Soul singer Such describes how a tragic event that stunned the nation deeply impacted her and inspired the title of her new album, Wide Nose Full Lips.
Rolling out spoke exclusively with the Boston-born, New York-raised, former “American Idol” contestant about the project.
What inspired you to write Wide Nose Full Lips?
Three years and a month ago, Philando Castile was pulled over while driving in Minnesota. I watched the Facebook Live video as he was shot to death, with his fiancée and her toddler in the car. It’s something that is forever etched in my memory. I wasn’t even there, and it felt like my heart was ripping open. I couldn’t breathe, and I cried all night.
A few days later, the dispatch audio was released, and you can hear the officer who called it in saying he’s pulling the car over because the driver looked like a wanted robbery suspect because of his “wide-set nose.” Basically, Philando is dead because he had wide nostrils, an evolutionary trait shared by most Black people because of our ancestors who lived in hot climates. He died because he couldn’t help being Black. Couple that with the fact that I got teased for my wide nose growing up, family members pinching it to make it pointier, having a son who will also one day be a grown Black man with a wide-set nose, and I decided that I could no longer be silent and “just shut up and sing.”
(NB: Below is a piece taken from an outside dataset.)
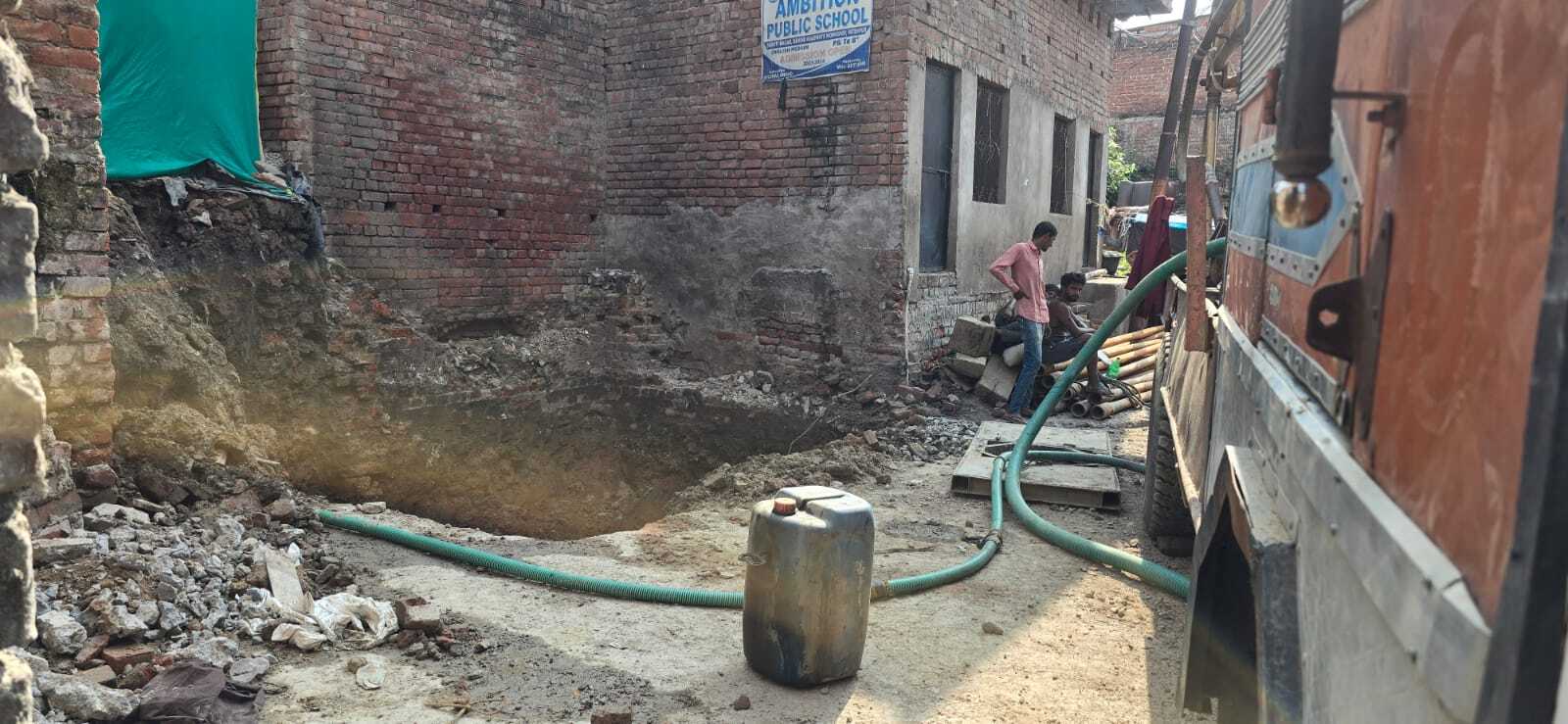 चंदियाना वार्ड में लग रहे ट्यूबवेल पर,, जनता की चर्चा ? भूमि स्खलन की आ सकती है नौबत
We are more than stereotypes and hashtags. Afrocentric features are sublime, royal and gorgeous regardless of the mainstream Eurocentric features that are peddled as standards of beauty. I wrote a song about it. Then I wrote a whole album around that song.
What listeners can expect from Wide Nose Full Lips?
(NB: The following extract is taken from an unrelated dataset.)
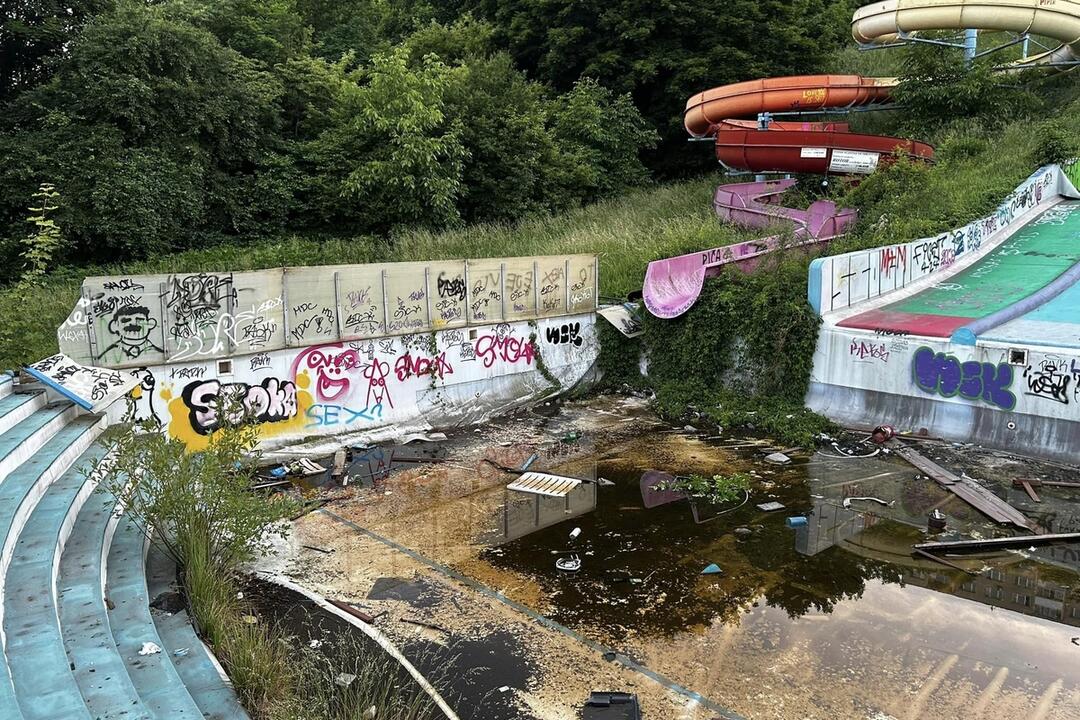 FOTO: Chátrajúce kúpalisko Triton, foto 5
Wide Nose Full Lips is a collection of 10 songs that encapsulate the culmination of my journey over the past few years of falling in love with myself and no longer struggling to find comfort in my own skin. One of my favorite Toni Morrison quotes is, “If you have some power, then your job is to empower someone else.” I hope this album inspires others to love themselves to the fullest and embrace every single aspect of who they are.
You remade the John Legend hit “Ordinary People.” Why?
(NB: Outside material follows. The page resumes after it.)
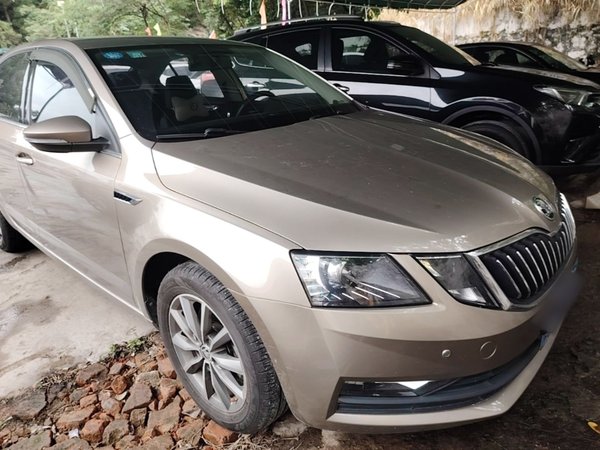 Skoda Octavia 2019, 58800 км, за 7716 USD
I was talking to my manager, Kevin Harewood, one day and he told me that he had a strong feeling about me covering John Legend’s “Ordinary People.” Over time, I had the idea of what if I made it super simple with a Rhodes [piano] sound and added some strings for embellishment? I decided to just dive deep into the recording, and some magic happened. I hope I was able to put a little Such sauce on it while paying homage to this classic.
Wide Nose Full Lips is now available.